Now, that’s what I’m talking about!
Soup Kitchen needs help
The Homestead Soup Kitchen needs our help. The kitchen, which opened on Thanksgiving Day in 1983, serves as few as 125 meals early in the month, and as many as 280 later on in the month. Recently the kitchen has experienced serious financial challenges and is asking the community to help.
Bob Jensen, a board member of the soup kitchen said, "Contributions are needed to pay for electricity, propane, disposable table ware and cleaning supplies. He said generous donations of food from local farmers, Farm Share, the postal food drive and the Homestead Food Pantry help keep the expenses down while providing nourishing meals."
But, he said traditional contributors, such as individuals, businesses, churches and non-profit organizations have decreased their support as the economy continues to impact them.
If you want to help, please send your tax-deductible donations to: Homestead Soup Kitchen, P.O. Box 901180, Homestead, FL 330390-1180.
You may call Juanita Smith, president of the kitchen, at 305-245-7448, for more information.
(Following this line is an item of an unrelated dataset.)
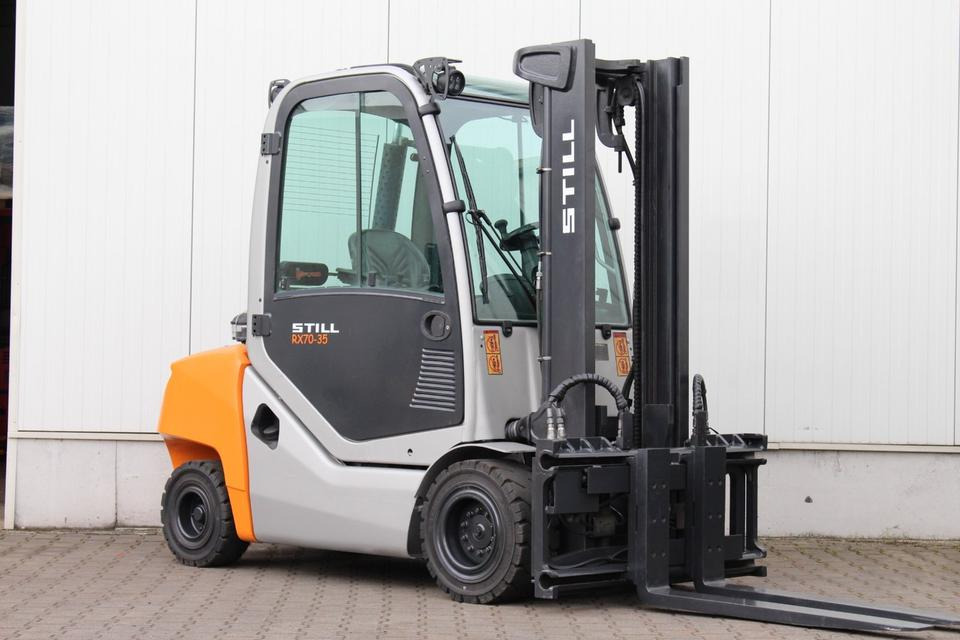 STILL RX70-35 Diesel Zinkenversteller 3500kg - 柴油叉车:图4 STILL RX70-35 Diesel Zinkenversteller 3500kg - 柴油叉车:图4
Remembering the ‘Middle Passage’
Here’s one that’s worth waking up early for:
The annual Sunrise Ancestral Remembrance of the Middle Passage Ceremony will be at 5:45 a.m. on June 23 at Virginia Key Beach Park, 4020 Virginia Beach Dr. on Virginia Key (just off the Rickenbacker Causeway).
The community is invited to this worthwhile ceremony that is presented by Dos Amigos/Fair Rosamond Slave Ship Project; Drums N Unity ; Productive Hands; Florida Black Historical Research Project Inc., and the Miami African World Community.
This is the 24th year of the ceremony that honors all the ancestors who endured the Middle Passage of the Atlantic slave trade — the millions of men, women and children who senselessly perished, and those who survived to give life to present and future generations, said Dinizulu Gene Tinnie, a founder and organizer of the event.
Catherine Hummingbird, a Carib Tribal Indian Queen and longtime advocate who was instrumental in saving the Miami Circle, will perform an "Opening of the Way" Native American ritual at the event.
The annual ceremony has come to be linked over the years with the growing nationwide observance of Juneteenth, the June 19 commemoration of the date in 1865, when the last of the enslaved population in the United States, in East Texas, received word of the Emancipation Proclamation.
Everyone is welcome to the ceremony. Aside from the Native American blessings and the traditional African pouring of a libation, the ceremony is an informal gathering where all are welcome to share thoughts, prayers, art and artifacts, performances and offerings of fruits, grains, flowers, which will be carried out to the ocean to culminate the events.
The event will also feature drums, music and refreshments. Admission is free, but there is a $1.75 toll per vehicle on the causeway.